- TRY IT -
Once the line with "New York and" is found in the data, output it and each following line exactly, up to and including the line with "[FOLHCGRY-YS-LOGO1] Decker Youth", and nothing before or after.

- DATA FOR REVIEW -
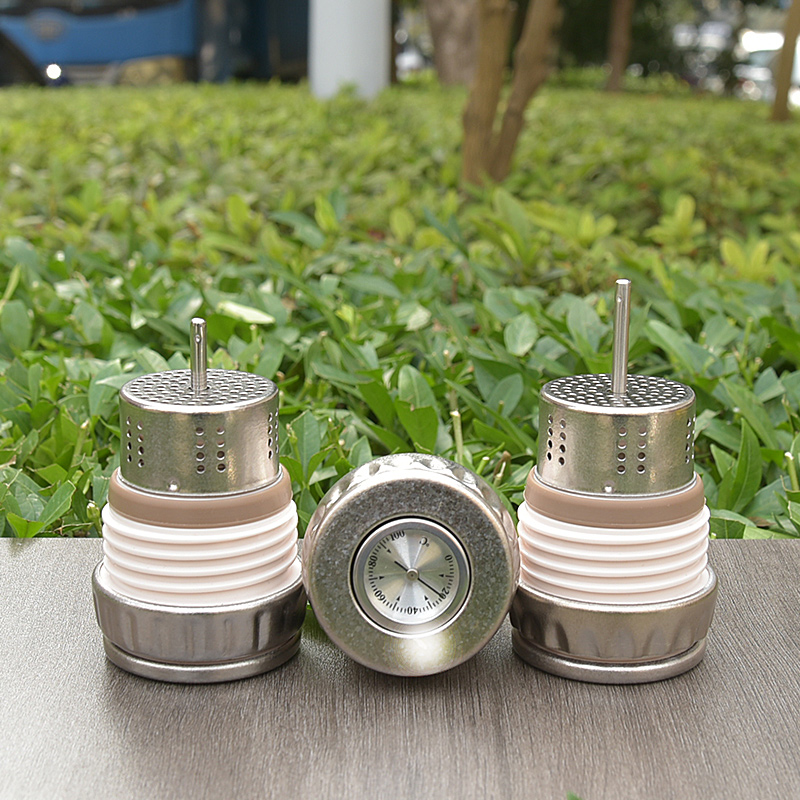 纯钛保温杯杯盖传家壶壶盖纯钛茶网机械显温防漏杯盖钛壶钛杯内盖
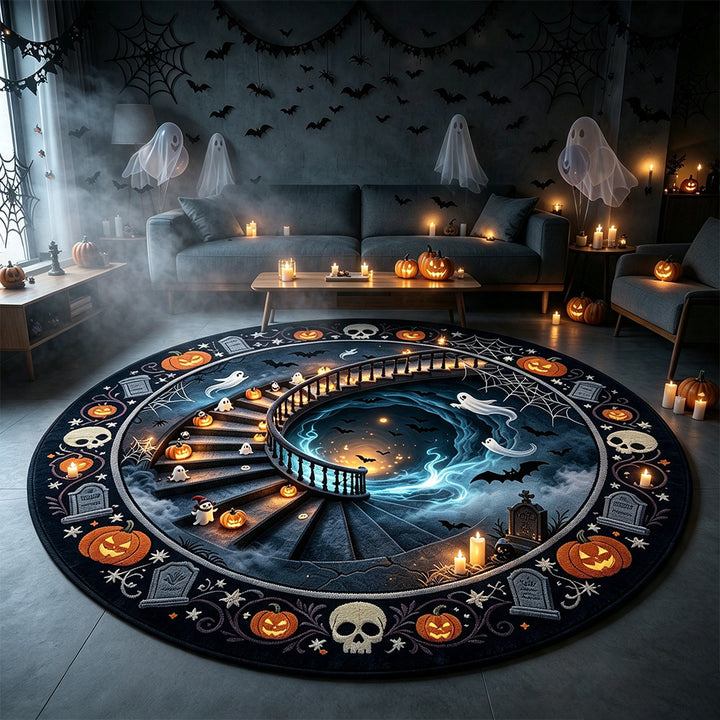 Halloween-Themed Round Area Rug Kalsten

---

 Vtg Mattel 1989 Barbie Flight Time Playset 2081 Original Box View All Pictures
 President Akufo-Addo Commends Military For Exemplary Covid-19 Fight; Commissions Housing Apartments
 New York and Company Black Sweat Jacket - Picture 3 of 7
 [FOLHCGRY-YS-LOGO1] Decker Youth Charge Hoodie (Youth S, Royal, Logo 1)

...

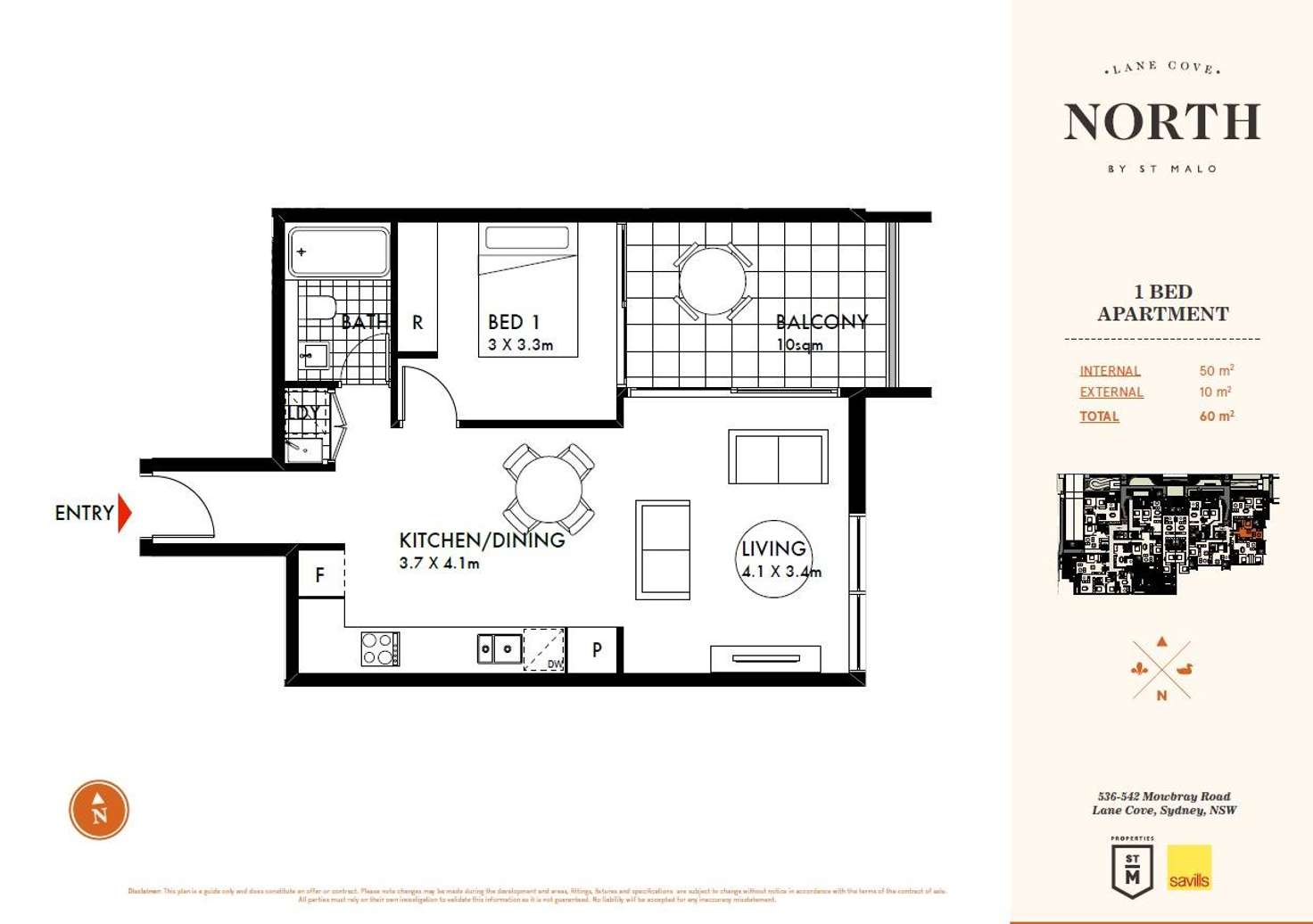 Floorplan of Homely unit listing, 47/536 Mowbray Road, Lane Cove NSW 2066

- EXERCISE SOLUTION -
 New York and Company Black Sweat Jacket - Picture 3 of 7
 [FOLHCGRY-YS-LOGO1] Decker Youth Charge Hoodie (Youth S, Royal, Logo 1)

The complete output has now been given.